As he entered the family wing and walked toward Angelina’s suite of rooms, the now young woman of fifteen ran toward him like an excited child.
“Grandfather!” Her lovely smile warmed his heart. “Everything is beautiful!”
He gently grasped his angel by the shoulders and kissed her forehead before stretching his arms out and looking at her. His throat closed off, pride swelling within him at her rare beauty.
“So much like your mother, my angel.” He hugged her as she wrapped her arms around him.
“Thank you, Grandfather.” She drew back and beamed at him. “This will be the best party a Quinceañera could want and has ever been held in all of Mexico.”

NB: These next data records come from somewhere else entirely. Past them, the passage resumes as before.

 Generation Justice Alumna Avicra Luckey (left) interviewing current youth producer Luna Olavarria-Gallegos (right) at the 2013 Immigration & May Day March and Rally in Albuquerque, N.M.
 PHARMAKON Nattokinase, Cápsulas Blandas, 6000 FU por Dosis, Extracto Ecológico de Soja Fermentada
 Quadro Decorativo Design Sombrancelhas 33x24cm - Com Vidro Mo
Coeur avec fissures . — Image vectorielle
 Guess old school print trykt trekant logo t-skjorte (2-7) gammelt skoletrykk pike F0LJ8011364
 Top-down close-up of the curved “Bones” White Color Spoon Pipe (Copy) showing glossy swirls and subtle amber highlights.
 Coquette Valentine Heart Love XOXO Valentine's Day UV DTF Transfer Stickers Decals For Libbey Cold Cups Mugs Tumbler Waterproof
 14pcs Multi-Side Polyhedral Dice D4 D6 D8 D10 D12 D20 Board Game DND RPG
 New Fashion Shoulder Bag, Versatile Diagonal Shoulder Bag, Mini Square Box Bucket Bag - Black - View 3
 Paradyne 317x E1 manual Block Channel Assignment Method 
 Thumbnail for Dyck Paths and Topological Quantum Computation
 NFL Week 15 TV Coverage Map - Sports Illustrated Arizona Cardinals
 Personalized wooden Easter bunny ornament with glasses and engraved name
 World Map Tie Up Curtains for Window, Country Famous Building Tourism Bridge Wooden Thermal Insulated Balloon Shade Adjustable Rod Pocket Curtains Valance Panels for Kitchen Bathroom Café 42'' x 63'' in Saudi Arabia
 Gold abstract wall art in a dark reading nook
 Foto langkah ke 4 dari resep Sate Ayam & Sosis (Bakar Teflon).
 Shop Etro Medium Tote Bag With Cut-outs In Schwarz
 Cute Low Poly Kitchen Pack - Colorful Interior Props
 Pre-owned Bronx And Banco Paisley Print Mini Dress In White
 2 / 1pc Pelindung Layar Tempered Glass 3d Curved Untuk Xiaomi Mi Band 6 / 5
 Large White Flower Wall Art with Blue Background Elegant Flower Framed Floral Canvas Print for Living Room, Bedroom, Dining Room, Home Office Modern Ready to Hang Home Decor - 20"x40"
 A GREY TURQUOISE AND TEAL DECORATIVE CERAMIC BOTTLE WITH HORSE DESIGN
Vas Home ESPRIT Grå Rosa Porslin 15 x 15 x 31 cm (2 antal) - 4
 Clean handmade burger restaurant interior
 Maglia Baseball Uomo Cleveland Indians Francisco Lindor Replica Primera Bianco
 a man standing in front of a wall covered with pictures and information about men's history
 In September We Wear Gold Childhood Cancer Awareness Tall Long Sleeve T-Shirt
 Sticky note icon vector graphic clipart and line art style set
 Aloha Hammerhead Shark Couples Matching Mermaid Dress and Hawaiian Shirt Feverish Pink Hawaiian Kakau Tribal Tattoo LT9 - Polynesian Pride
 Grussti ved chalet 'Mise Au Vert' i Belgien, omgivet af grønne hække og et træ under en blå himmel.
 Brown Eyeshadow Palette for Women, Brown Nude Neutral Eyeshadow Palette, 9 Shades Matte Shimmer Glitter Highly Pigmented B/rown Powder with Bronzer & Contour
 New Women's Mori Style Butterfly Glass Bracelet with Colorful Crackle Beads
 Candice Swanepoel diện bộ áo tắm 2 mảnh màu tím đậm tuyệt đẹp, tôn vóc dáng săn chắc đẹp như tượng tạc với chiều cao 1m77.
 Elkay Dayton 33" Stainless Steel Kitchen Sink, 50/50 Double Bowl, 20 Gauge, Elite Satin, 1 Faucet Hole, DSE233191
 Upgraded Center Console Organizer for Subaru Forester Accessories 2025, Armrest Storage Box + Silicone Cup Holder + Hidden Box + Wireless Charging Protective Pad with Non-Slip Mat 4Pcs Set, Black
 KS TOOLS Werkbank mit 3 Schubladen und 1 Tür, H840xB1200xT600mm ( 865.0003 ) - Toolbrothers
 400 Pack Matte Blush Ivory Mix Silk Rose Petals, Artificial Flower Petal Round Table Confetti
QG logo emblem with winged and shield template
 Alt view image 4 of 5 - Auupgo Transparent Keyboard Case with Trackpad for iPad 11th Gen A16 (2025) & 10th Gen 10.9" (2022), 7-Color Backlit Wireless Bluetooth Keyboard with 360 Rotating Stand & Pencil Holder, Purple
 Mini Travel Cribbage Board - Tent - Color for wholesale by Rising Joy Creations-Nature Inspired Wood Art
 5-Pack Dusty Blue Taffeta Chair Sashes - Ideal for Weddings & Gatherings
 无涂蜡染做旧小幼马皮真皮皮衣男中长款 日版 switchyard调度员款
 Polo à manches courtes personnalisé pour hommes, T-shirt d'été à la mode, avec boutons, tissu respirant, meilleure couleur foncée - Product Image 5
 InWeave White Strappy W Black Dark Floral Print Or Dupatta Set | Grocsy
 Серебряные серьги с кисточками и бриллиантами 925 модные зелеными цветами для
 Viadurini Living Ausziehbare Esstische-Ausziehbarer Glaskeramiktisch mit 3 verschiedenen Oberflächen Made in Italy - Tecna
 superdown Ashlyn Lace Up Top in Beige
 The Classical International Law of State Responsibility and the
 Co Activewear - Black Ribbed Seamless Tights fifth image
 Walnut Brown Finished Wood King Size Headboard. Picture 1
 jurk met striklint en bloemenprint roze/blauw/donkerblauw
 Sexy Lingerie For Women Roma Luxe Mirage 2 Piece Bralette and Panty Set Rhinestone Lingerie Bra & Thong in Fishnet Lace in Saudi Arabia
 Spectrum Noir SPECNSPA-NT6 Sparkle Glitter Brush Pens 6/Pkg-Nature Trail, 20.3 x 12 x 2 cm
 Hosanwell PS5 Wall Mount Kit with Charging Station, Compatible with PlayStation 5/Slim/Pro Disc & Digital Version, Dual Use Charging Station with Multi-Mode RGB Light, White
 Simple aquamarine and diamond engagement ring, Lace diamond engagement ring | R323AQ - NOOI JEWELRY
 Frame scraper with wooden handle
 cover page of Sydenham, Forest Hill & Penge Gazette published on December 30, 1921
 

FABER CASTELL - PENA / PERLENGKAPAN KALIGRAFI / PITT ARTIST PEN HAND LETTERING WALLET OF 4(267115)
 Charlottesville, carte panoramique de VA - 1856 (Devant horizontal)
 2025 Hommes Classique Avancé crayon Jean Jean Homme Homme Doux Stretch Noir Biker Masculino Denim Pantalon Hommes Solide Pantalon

“No one deserves it more than you.” He rested his arm around her shoulders and gave her a loving squeeze. “Only the best for my angel.”
“Maria said I must bathe this afternoon in an herbal bath she is preparing.” Angelina spoke in an excited tone. “Then she will fix my hair and help me dress and she will put makeup on me.”
Diego frowned. “You need nothing to add to your beauty.”
“Grandfather, please.” She placed her hand on his arm. “It is only a little. I am a woman now.”
He studied her. “Only a little or I will make you wash your face of it.”
Angelina’s smile faltered. “I will tell Maria you will allow the barest amount. Does that please you?”
His frown turned into a smile. My God, but he loved this girl, this young woman. “It pleases me.”
“Thank you.” She gave him a quick kiss before hurrying to her bedroom suite.
Diego watched after her, pride making his chest expand once again.
When he turned to leave the wing, Jaime appeared at the entrance.
“What is it?” Diego held back a scowl. He did not wish for anything to disturb this day in any way.
“Alejandro is here.” Jaime stood with his hands behind his back. “With the girl.”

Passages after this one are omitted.